The organizational approach to failure is very fraught. I’ve discussed this before, and so have numerous people way smarter and more observant of organizations than I. This largely comes about for a few reasons. First and most obviously, most first-world cultures are cultures of achievement. Achievement-driven cultures tend to value answers/solutions/victories over questions/moments of doubt/failures, even though there are many data-backed arguments for successful companies emerging almost directly from the hands of failure.
Just using sheer logic, it would be hard to separate “success” from “failure.” If you’ve never failed, how would you properly constitute what success looks like? And if you’ve never failed, how would you have those driving force moments that lead towards success?
But now we need to quickly bring psychology in here.

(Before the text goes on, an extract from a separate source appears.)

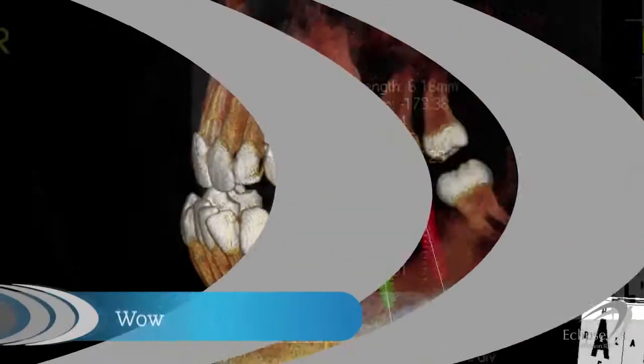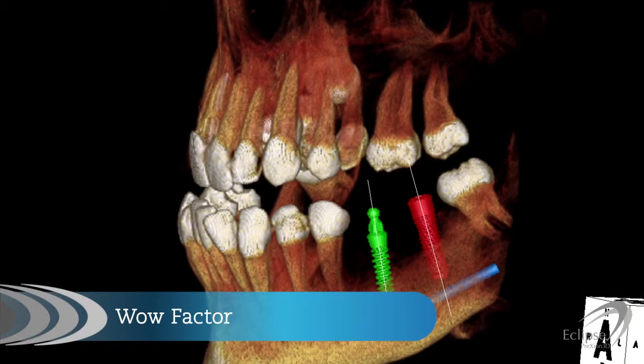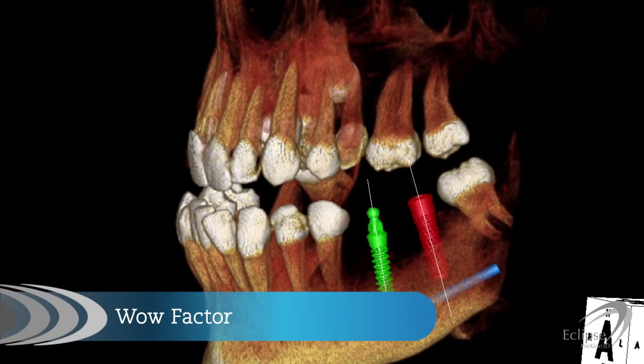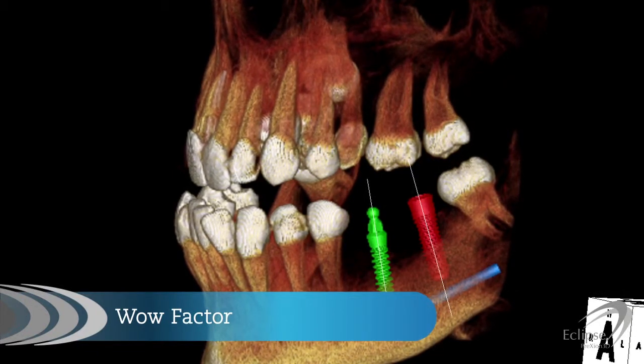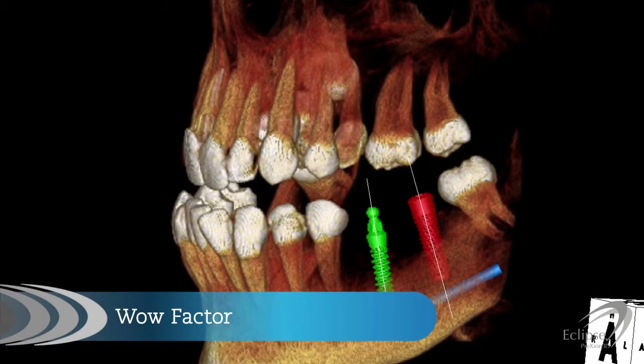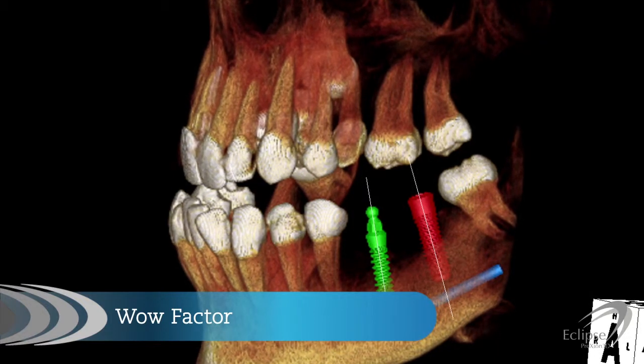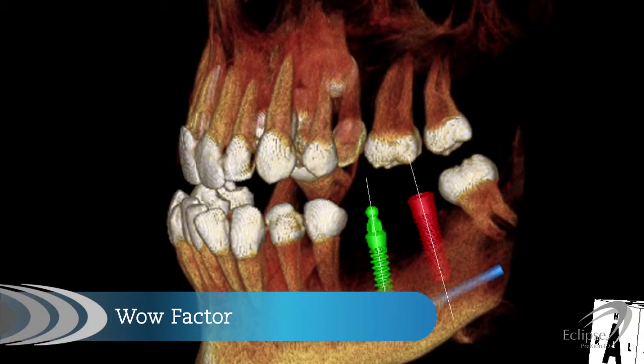Your patients are sure to be impressed as the Prexion 3D Viewer software truly delivers that wow factor. With it, you can offer them the following.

In many families, failure is an off-limits topic, along with stuff like sex, money, and religion. (I mean off-limits externally; sometimes families can handle this internally, but even that is rare.) So many white-collar world-builders, i.e. dudes like Trump, go through their entire lives never really having a connection to failure as a discussion point. Because even when they fail (bankruptcy, bad years, lawsuits, etc.), the lack of transparency around the failure means there’s no potential for growth or new approaches from the failure.
See how this could all become a problem? It’s by no means just a guy like Trump. Many white-collar workaholics come up in this way. Achievement means suppressing discussions around failure, because they seem diametrically opposed.
This is where we need a new narrative.
We are not our failures, but our work cultures should acknowledge failure
This is a good article from UVA about “strategic buckets.” The overall concept is a tiny bit dumb, so I won’t go super deep into it, but this quote at the end has resonance:
All this is to say: Humans do not do well with loss. Failure is a loss. Losses hurt more than gains. And as a result, organizations generally have some implicit penalty for failure, be it through status, association, promotion, pay or something else. When penalties are high, though, the opportunities for innovation are reduced. Therefore, the more an organization can do to increase its tolerance for failure, the better.
This is a crucial point.
On the penalties for failure
If you know the penalties for failure in your company are high — either extrinsically (you can get fired) or intrinsically (you won’t have a chance at any personal growth) — then logically, I would ask myself two questions:
- Why would I ever go out on a limb here or propose something new?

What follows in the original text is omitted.